Managers use the word strategy often and loosely. There is considerable confusion about what it means. This ignorance is dangerous in the fiercely competitive world of business today. Strategy is necessary to make a firm competitive. There is no other way to create wealth for shareholders and society. It is an absolute imperative for survival. It is, therefore, even harder to understand why managers responsible for the health of the corporation carry erroneous notions about it.

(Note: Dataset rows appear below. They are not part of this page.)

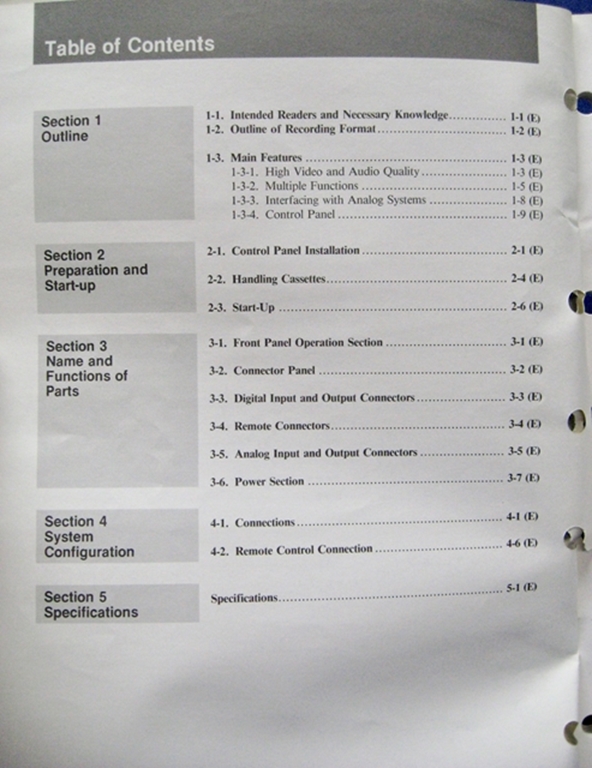 Image sur Sony DVR-20 Operation Manual 1st Edition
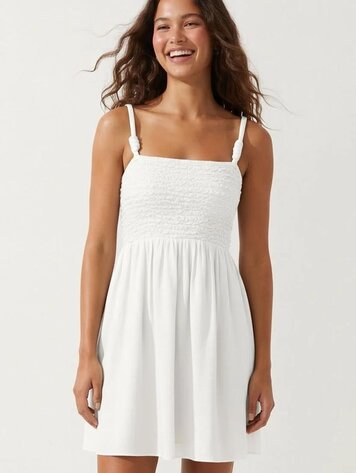 USA Smoked Maxi Dress VD119886 - Off White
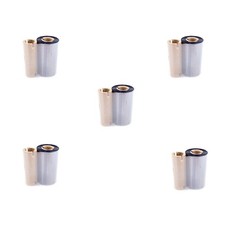 5Pcs Width 55mm 1/2 Inch Core tlp2824 Ink Ribbon Fits For Zebra TLP2824-Z picture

Their lack of understanding sometimes reflects the leadership’s discomfort with abstract concepts. At other times it is conditioned by their preoccupation with results, or action. Because managers learn on the job, leaders’ preference for the concrete and the specific leads to errors in what managers come to believe is strategy. There are six common misconceptions. They arise from mixing strategies with results, action, scale, operational efficiencies, business plan and excessive focus on competition. Let us see how each clouds vision.

1. The Fallacy of Action.
Action is confused with strategy. This is perhaps the most common error. Managers tend to answer the question ‘How shall we achieve growth?’ by offering a number of alternative actions. Let’s enter new markets. Or, train sales engineers to sell better. Increase the number of calls sales people make. Introduce new products. Do something, anything!

Most industrial societies favour action orientation. The West drew its inspiration from the Protestant work ethic . In other cultures, India for instance, business is greatly influenced if not shaped by western practices. Managers who are pragmatic, quick off the starting block, get things done are praised. Those who think are considered lazy. Action orientation is good for one’s career. Recruiters actively look for such people. Hardly anyone hires ‘people who think’. Is it any wonder that strategy meetings lead to divergent ideas with nothing in common among them? It is given a respectable name: brainstorming.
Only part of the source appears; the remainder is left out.